Problem to work on ▸
After locating the line with "Brazilian Jui Jitsu", set down that line and all the lines that follow it, unchanged, to the end of the records; omit the pictures.

Records for this exercise ▸
▼▼▼

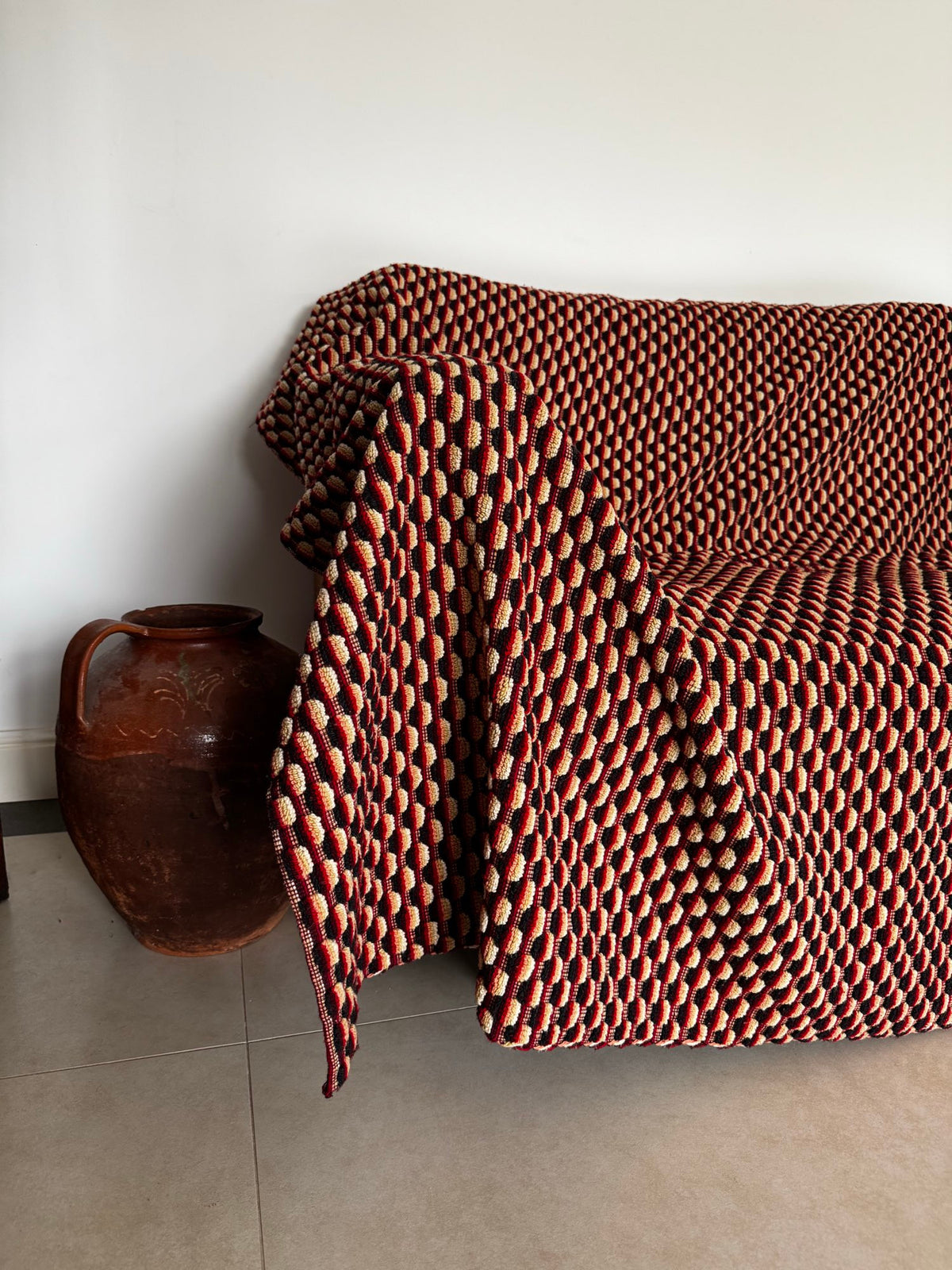 Vintage Romanian Wool Bedspread or Rug, 190x170 cm, view 15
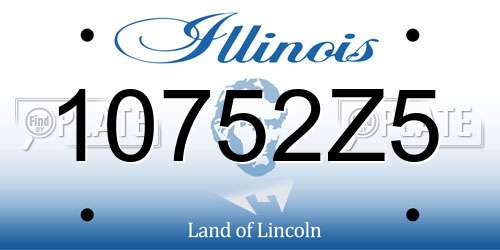 10752Z5 Illinois License Plate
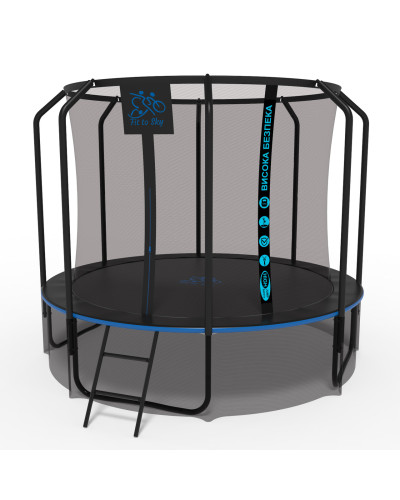 Батут FitToSky 312см Black Premium з сіткою та драбинкою 56 пружин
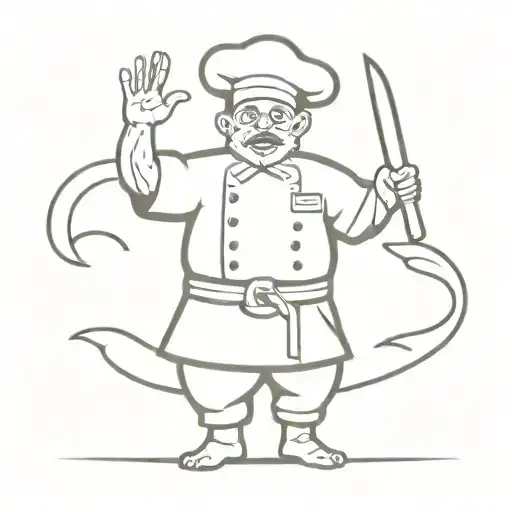 Brazilian Jui Jitsu And Chef Knife Cartoon Character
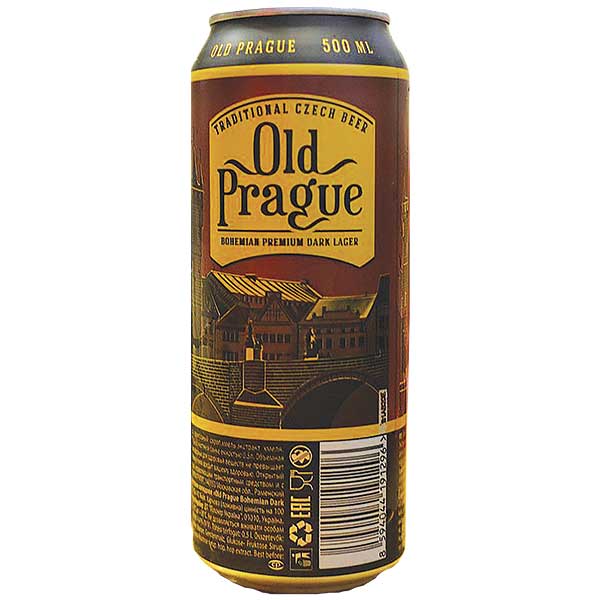 Пиво Олд Прага Богемия Дарк Лагер темное фильтрованное 4,4% 0.5л в ж/б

▲▲▲

Solved problem ▸
 Brazilian Jui Jitsu And Chef Knife Cartoon Character
 Пиво Олд Прага Богемия Дарк Лагер темное фильтрованное 4,4% 0.5л в ж/б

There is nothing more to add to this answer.